Aerospace and defense giant Lockheed Martin Corp. (LMT) is a match here because the U.S. military is its prime customer. And it’s not like you can buy parts for an F-35 stealth fighter from anyone else at any price. Lockheed Martin has benefits of scale and regulatory advantages.

Intangible Assets: Patent protection, trademarked technology, and brand loyalty are all examples of intangible assets that keep the competition at bay. And intangibles can provide a business with a big and durable competitive advantage.

Both Coca-Cola Co. (KO) and biotech king Amgen Inc. (AMGN) fit the bill here.

Network Effects: This happens when the perceived value of a product or service grows as the number of customers using it increases. Technology companies like Apple Inc. (AAPL) or Microsoft are prime examples of this.

The value of the iPhone isn’t just in its initial price tag. The value is enhanced by all the extra features the phone can provide, like its Game Center and FaceTime. Once a friend or family member uses the Game Center or wants to chat primarily through FaceTime, you may feel inclined to pick an Apple product to be able to connect with them.

Companies that offer advanced technology and the ability to connect in online communities enjoy network effects.

Cost Advantages: Any company that can become THE low-cost producer of a good or service, and can maintain that leadership, enjoys competitive cost advantages. This is one of the most durable sources of a business moat.

Anheuser-Busch InBev (BUD), the world’s largest brewer, is a low-cost leader, which gives it huge pricing power.

Staying Power: When you do find a stock with some or all of these advantages, you also need to make a judgement call about whether its moat will last. Competition is fierce in corporate America, not to mention worldwide.

Stocks that generate big profits become a target for competitors. That’s why it’s important that a company has multiple competitive advantages and can sustain them over the long term.

A relatively easy, decisively indicative test here is to simply ask yourself, how long has this company been dominant? That brings us back to Coke, one of Warren Buffett’s largest holdings.

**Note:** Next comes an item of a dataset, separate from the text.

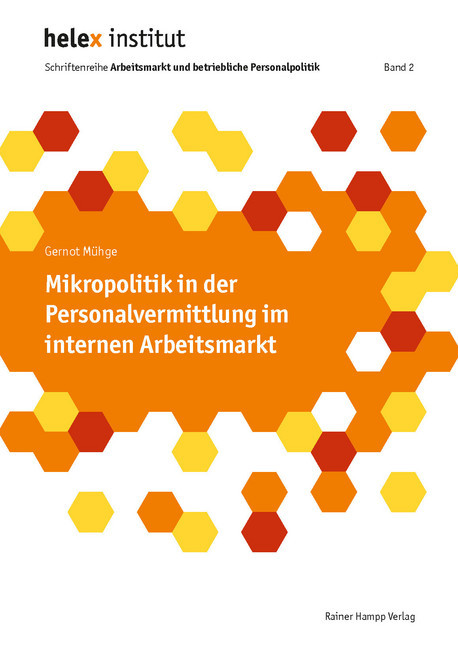 Mikropolitik in der Personalvermittlung im internen Arbeitsmarkt main product photo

First, Coca-Cola enjoys several key competitive advantages that give it a wide moat.

1. It has plenty of intangible assets, particularly its brand loyalty among consumers — not to mention its secret formula.

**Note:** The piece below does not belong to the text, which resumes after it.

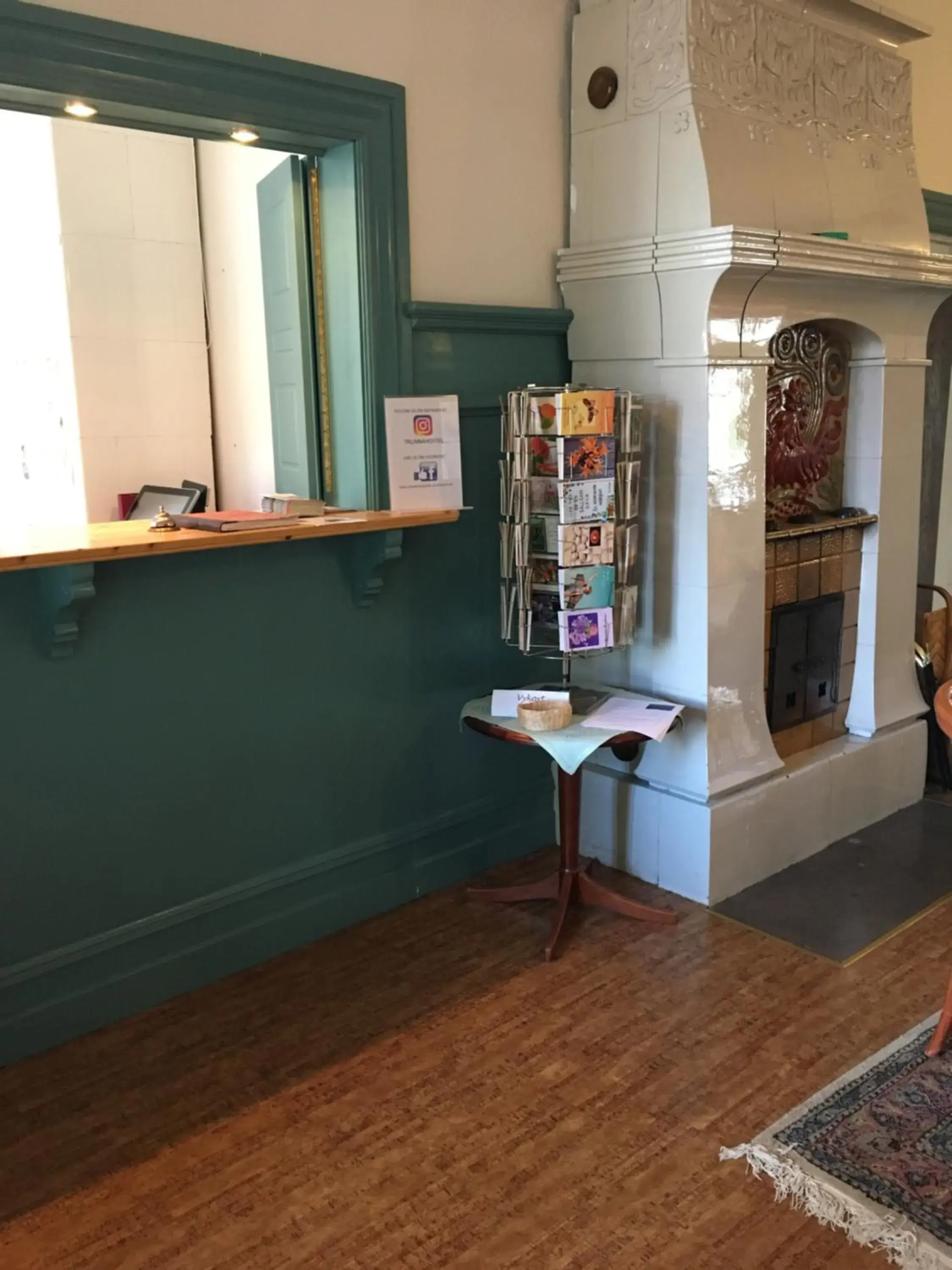 Lobby or reception in Trunna Vandrarhem & Konferens Lobby or reception in Trunna Vandrarhem & Konferens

2. Its enormous size and scale gives it a low-cost advantage as well as pricing power.

Second, Coke has enjoyed this wide moat for a long time, and its dominance is likely to continue.

Coca-Cola has been delivering “a coke and a smile” to folks as a public company for more than 100 years now. And its business is so stable and dependable, due in large part to its economic moat, that the company has increased its dividend payout for 60 years in a row.

Now that’s what I call a durable competitive advantage. In fact, the only quibble I have with Coke is its valuation. The shares are trading at nearly 26 times EPS, while profits and cash flow have only grown 2% over the past 10 years. That’s expensive.

I hope that helped you understand how to find more companies with moats and how to evaluate them, and I would love to see more of your questions.